Air Baltic overcame the impact of around 25% of its own fleet being grounded during the second quarter to report a profitable first half of 2023.

Outlining its six-month performance on 9 August, the carrier said it continues to see reliability issues with the Pratt & Whitney PW1500G engines that power its all-Airbus A220-300 fleet – a situation exacerbated by a shortage of spare engines, which is prolonging aircraft time on ground.

In the April-June period, on average, 11 of its A220s were grounded at any one time, it says, echoing recent challenges faced by other operators of aircraft with PW1000G-family engines.

To offset those groundings, Air Baltic has continued to wet lease-in capacity – largely older A320s – with a number of undesirable consequences, including increased fuel burn, punctuality issues relating to more complex operations, reduced load factors, higher airport and handling charges, lower customer satisfaction, and costs to secure the leases, it says.

Airbus A220

Source: Air Baltic

It estimates that extra costs relating to the leasing-in of aircraft amounted to around €30 million ($33 million) in the second quarter alone. At the beginning of July 2023 – outside the first-half earnings period – it received a €20.4 million “commercial support payment” relating to the engine issues, the carrier says.

Despite its engine challenges, Air Baltic swung to a net profit of €14.6 million for the January-June period, from a loss of €91 million a year ago. EBIT also reached €31.8 million, against a loss of €24.8 million in 2022.

Its record first-half revenue of €291 million was up 52% year on year and 33% over its 2019 figure, helped by ”healthy yields”.

Some 15%, or €45 million, of the carrier’s revenue came from ACMI lease deals with other airlines.
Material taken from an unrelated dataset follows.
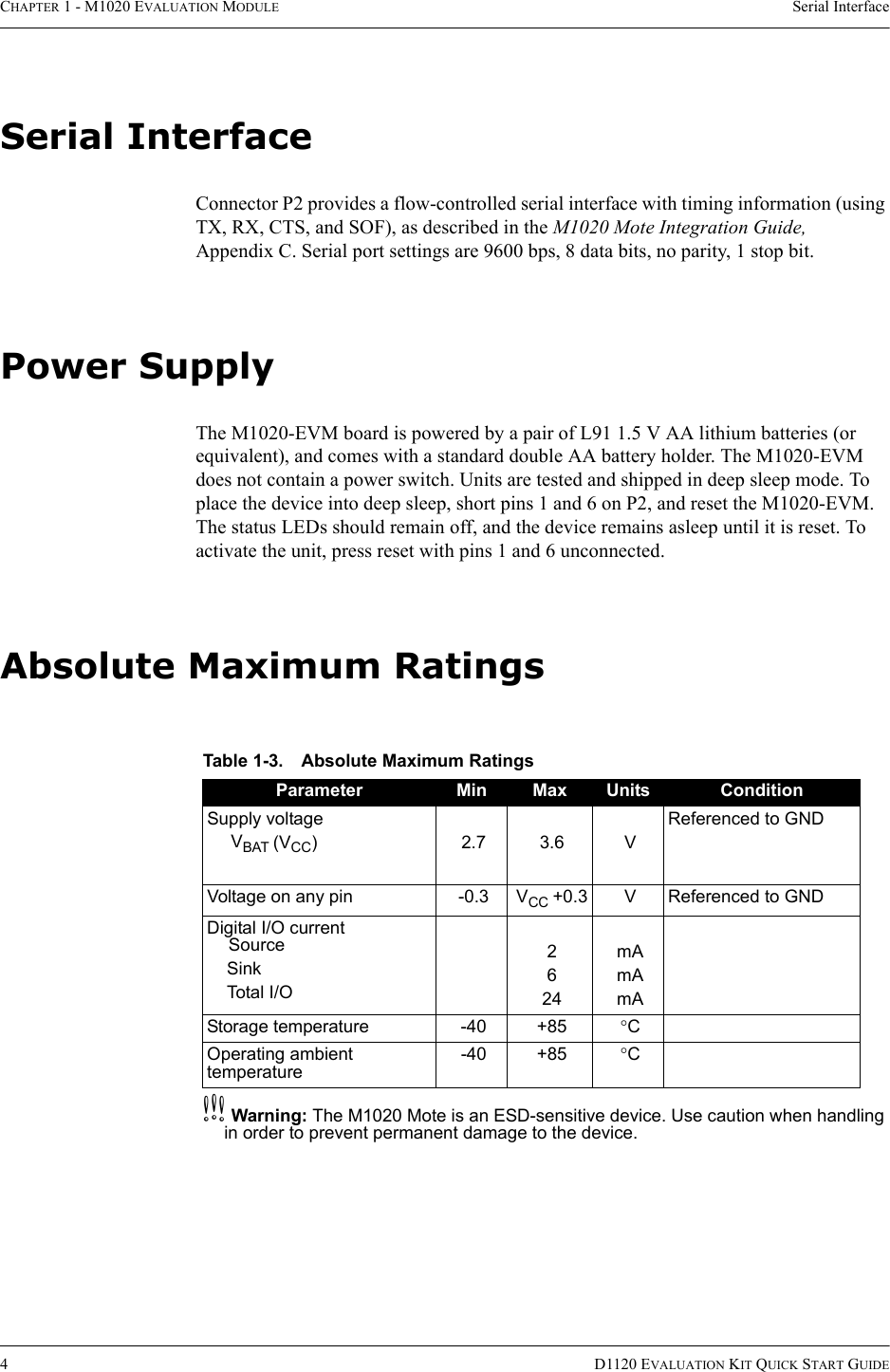 CHAPTER 1 - M1020 EVALUATION MODULE Serial Interface4D1120 EVALUATION KIT QUICK START GUIDESerial InterfaceConnector P2 provides a flow-controlled serial interface with timing information (using TX, RX, CTS, and SOF), as described in the M1020 Mote Integration Guide, Appendix C. Serial port settings are 9600 bps, 8 data bits, no parity, 1 stop bit.Power SupplyThe M1020-EVM board is powered by a pair of L91 1.5 V AA lithium batteries (or equivalent), and comes with a standard double AA battery holder. The M1020-EVM does not contain a power switch. Units are tested and shipped in deep sleep mode. To place the device into deep sleep, short pins 1 and 6 on P2, and reset the M1020-EVM. The status LEDs should remain off, and the device remains asleep until it is reset. To activate the unit, press reset with pins 1 and 6 unconnected.Absolute Maximum RatingscWarning: The M1020 Mote is an ESD-sensitive device. Use caution when handling in order to prevent permanent damage to the device.Table 1-3. Absolute Maximum RatingsParameter Min Max Units ConditionSupply voltageVBAT (VCC)2.73.6VReferenced to GNDVoltage on any pin -0.3 VCC +0.3 V Referenced to GNDDigital I/O currentSourceSinkTotal I/O2624mAmAmAStorage temperature -40 +85 °COperating ambient temperature-40 +85 °C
Air Baltic had previously indicated that it would wet lease-out up to 14 of its A220s for the summer season, as its own markets felt the impact of the Ukraine war in particular.

The war has had a significant impact on transfer passengers in its own operations, the airline says, with such travellers accounting for 29% of the total in the second quarter of this year, versus 46% in 2019. Amid that change in passenger dynamic, Air Baltic is “gradually shifting away” from its hub-and-spoke model at Riga, it says, towards more point-to-point services. This will help to improve its aircraft utilisation, which was 7.3 block hours in the second quarter of this year, versus 9.6 per day in 2019.

Air Baltic carried 2 million passengers across the six months, which marks a 52% rise year on year but still lags its performance in 2019 by around 200,000.

It ended the first half with 42 Airbus A220-300s in its fleet and expects to have 50 by the end of 2024, completing deliveries under its firm order. 

The carrier’s net debt grew by 11% year on year, reaching €1.1 billion – a 72% rise since 2019.